PROBLEM TO SOLVE> Below are the records; print exactly the lines from the one with "Anhänger aus 585" through the last, both included, and leave the pictures out.
_ _ _ _
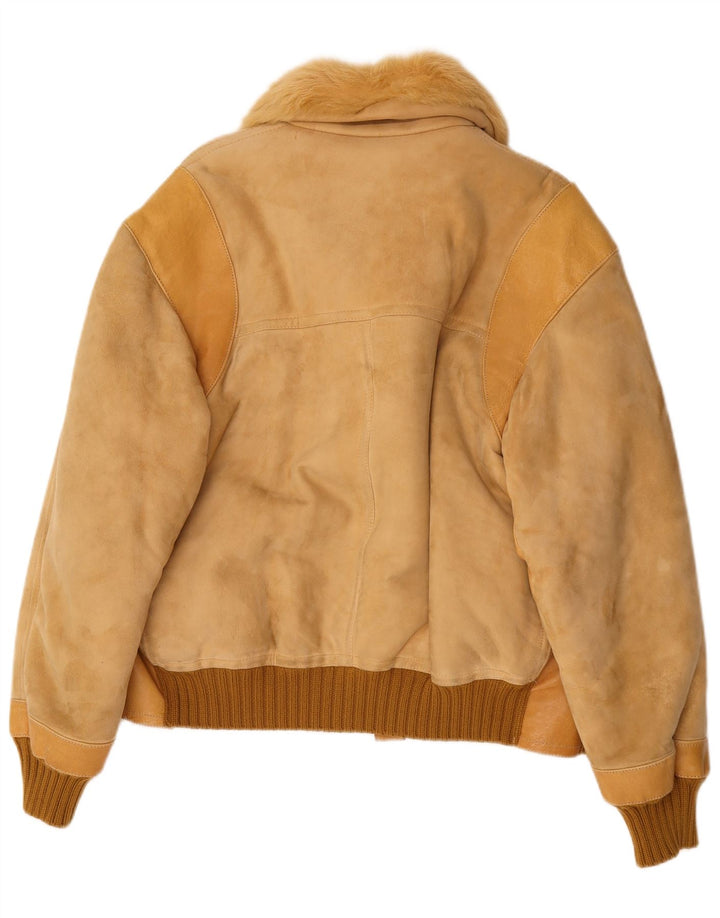 Vintage Herre Bomber Shearling Jacket UK 38 Medium Beige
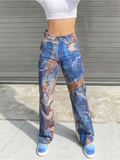 Abstract Printed Wide Leg Jeans -- YKIIY  CLOTHING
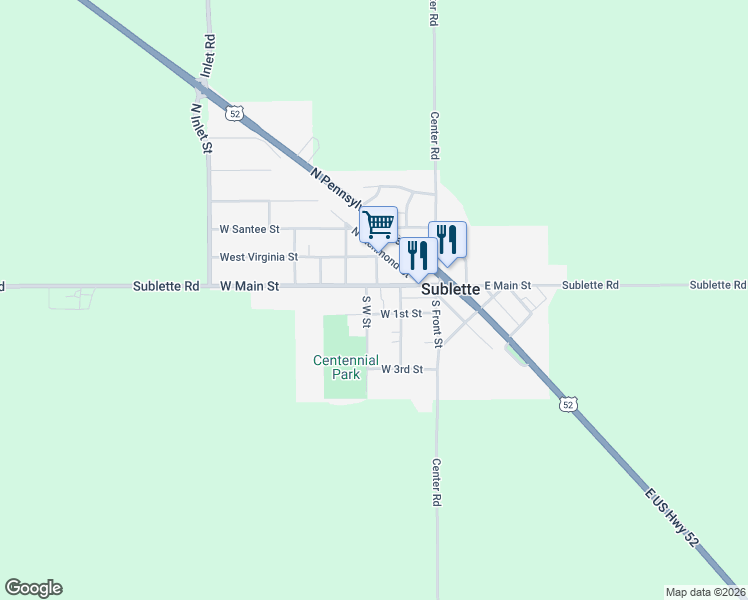 map of restaurants, bars, coffee shops, grocery stores, and more near 203 West Main Street in Sublette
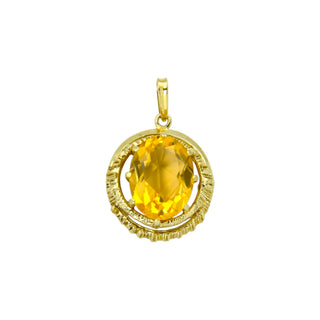 Anhänger aus 585 Gelbgold mit Citrin, nachhaltiger second hand Schmuck perfekt aufgearbeitet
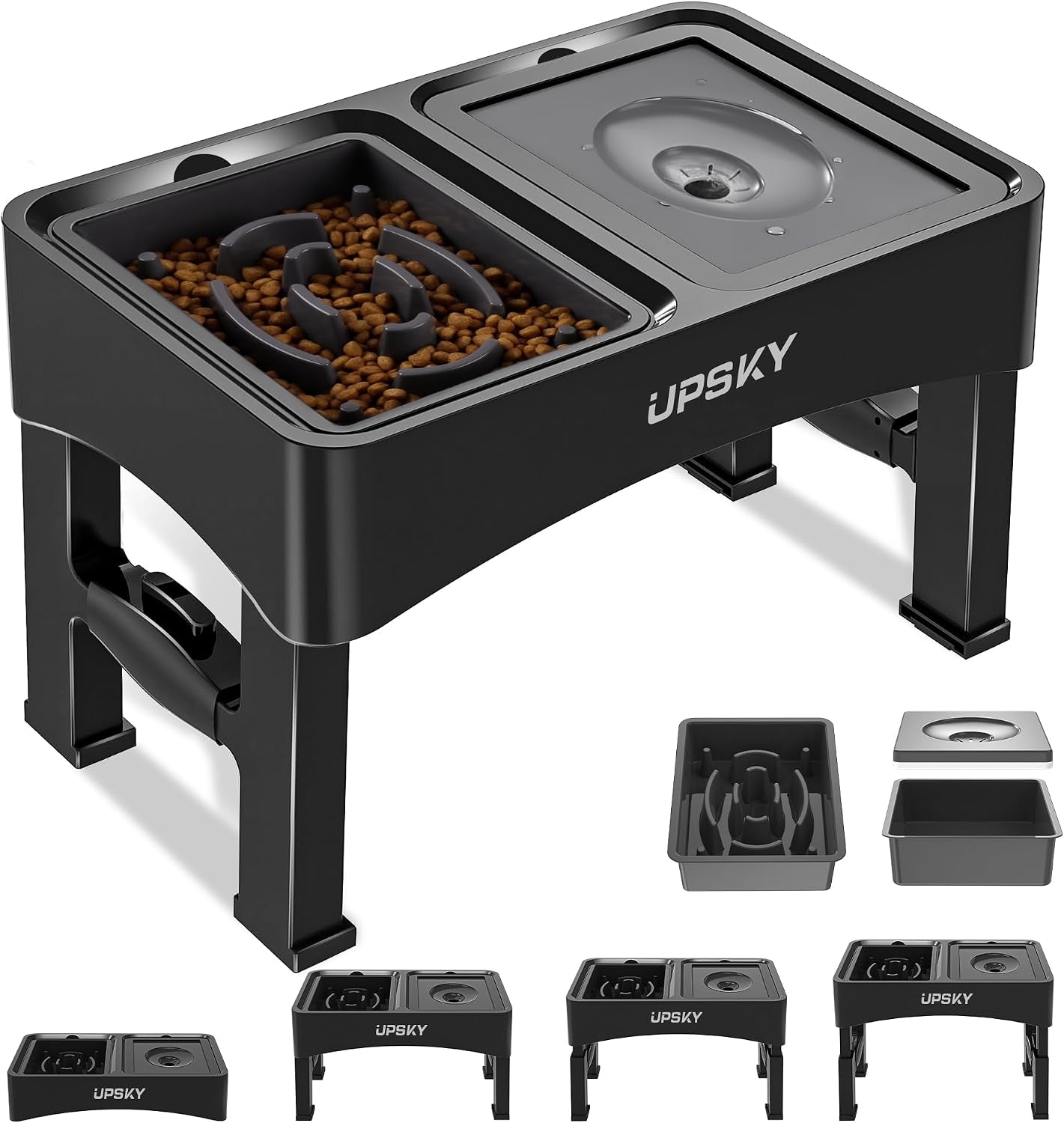 upsky-2-in-1-elevated-dog-bowls-slow-feeder-4-height-adjustable-raised-bowl-stand-no-spill-dog-water-bowls-anti-slip-food-and-water-bowls-for-small-medium-dogsnot-include-stainless-steel-bowl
_ _ _ _
EXPECTED ANSWER>
 Anhänger aus 585 Gelbgold mit Citrin, nachhaltiger second hand Schmuck perfekt aufgearbeitet
 upsky-2-in-1-elevated-dog-bowls-slow-feeder-4-height-adjustable-raised-bowl-stand-no-spill-dog-water-bowls-anti-slip-food-and-water-bowls-for-small-medium-dogsnot-include-stainless-steel-bowl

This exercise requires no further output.